Curiosamente, las consecuencias del cierre de la Basílica pueden preverse en un magnífico cuento del escritor potosino Ignacio Betancourt (uno de los mejores cuentos de nuestra literatura): “De cómo Guadalupe bajó a la montaña y todo lo demás”, donde unos ladrones secuestran la imagen de la Virgen de Guadalupe y la esconden en el baño de una pulquería llamada “La Montaña”, pidiendo de rescate un peso por cada creyente. Cuando los guadalupanos descubren el escondite, se lanzan para allá, pero los delincuentes amenazan con prenderle fuego si se les acercan. En seguida la pulquería es rodeada por comerciantes y concheros y todas las procesiones se encaminan a “La Montaña”.

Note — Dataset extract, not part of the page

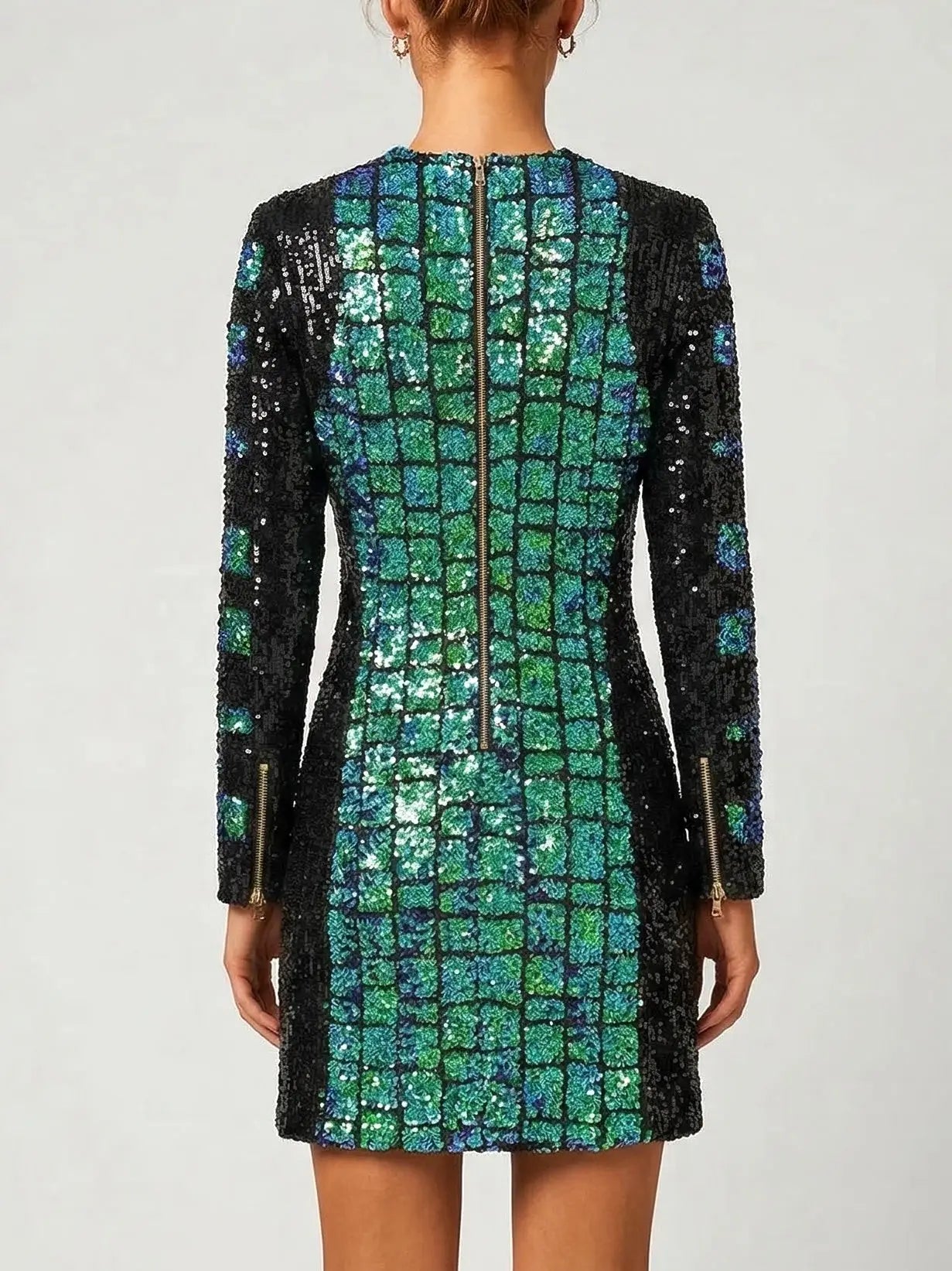 Sequin Crocodile Pattern Long Sleeve Mini Dress - Dresses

Probablemente la Basílica cierre sus puertas, pero quizás muchos creyentes, aún así, acudan a sus puertas (lo mismo que los comerciantes) porque la propia estructura arquitectónica del Tepeyac, para los devotos, ya es sagrada en sí misma (como quienes visitan el Santo Sepulcro, cuya energía se siente desde la entrada de la antigua Jerusalén), y si no cierran la iglesia original también, va a reventar de guadalupanos.

Con todo, por el bien de todos, yo creo que la Virgencita se puso una veladora a sí misma, pidiendo el milagro de que cerraran la Basílica. Milagro auto-concedido.